Benzer şekilde, alıcı mesajı almak ve anlamak için gerekli tüm araçlara sahip olmalıdır; Aksi takdirde, mesaj zorlayıcı olmayacak ve birbirleriyle iletişim kurma fikri tamamen kaybolacaktır.
6. Gürültü (Noice)
Gürültü, iletişim sürecinde meydana gelen kesintidir. Adından da anlaşılacağı gibi, bir iletişim sürecini kesintiye uğratan yüksek volümdeki anlamsız seslerdir.
Gürültü mevcut olduğunda, gönderici ve alıcı fikir alışverişinde bulunamaz ve iletişim kaybolabilir. İş açısından gürültü, pazarlamacıların müşterilere mesaj göndermeden önce dikkate alması gereken çok önemli bir faktördür.
Örneğin, okuduğunuz gazetede yeni bir Rolex saat için bir reklam varsa, burada reklam, gönderenin ürünü tanıtan şirket, alıcı tarafta ise müşteri olduğu bir iletişim biçimidir.
Mesaj, reklamın kendisidir. Reklamı okumak yerine, gazetede reklamın yanında basılan yeni COVID Aşısı dikkatinizi çekiyor.
Böylece bu durumda haber, iletişim amacını yerine getirmeyen gürültü rolünü üstlenmiştir. Sinemada ağlayan bir bebek, dikkatinizi filmi izlemekten alıkoyan bir sese örnektir.
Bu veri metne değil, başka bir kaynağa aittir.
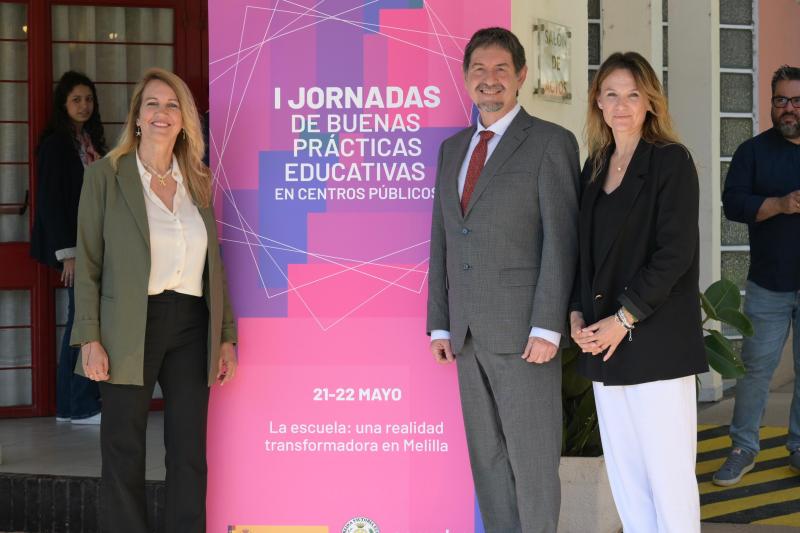 Melilla celebrates the I Conference on Good Educational Practices with the focus on inclusion, sustainability, the 2030 Agenda and PROA+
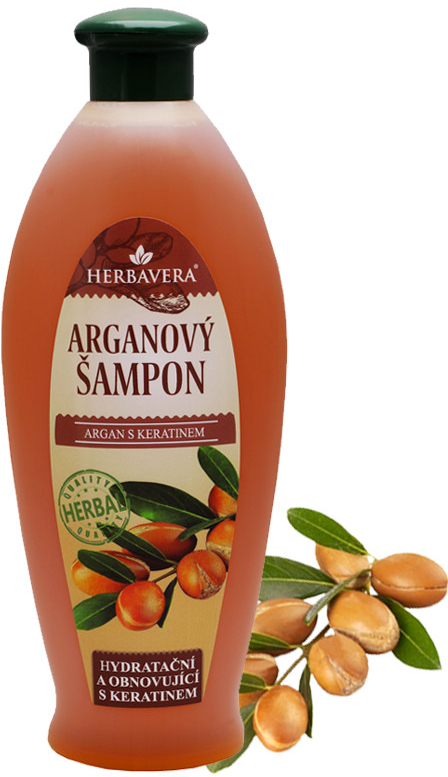 Herbavera šampon Argan s keratinem 550 ml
Geri bildirim, alıcının mesaj hakkında göndericiyle iletişim kurduğu zamandır.
Avantajlar
- Berlo’nun ve Aristoteles’in iletişim modellerinde eksik olan gürültü de dahil olmak üzere, modern iletişim modellerinin öğelerinin çoğu bu modelde ele alınmaktadır.
- Shannon ve Weaver, daha önceki iletişim modellerinde eksik olan matematiksel yönü verdiler.
Sınırlamalar
- Bu modelde geribildirim kavramı mevcut olmasına rağmen, buna çok az önem verilmektedir.
- Gürültü, daha sonra eklenen modelde eksik bir unsurdu.
Sonuç
Shannon ve Weaver’ın modeli, kaynaktan gelen mesajları kodlama ve kod çözme sürecini anlamada çok yararlı olan iletişim modelleri için matematiksel bir yaklaşım sunar.
Günümüz modellerinin çoğu bundan filizlendiği için bu model tüm iletişim modellerinin anası olarak kabul edilebilse de, yapılabilecek daha birçok iyileştirme var.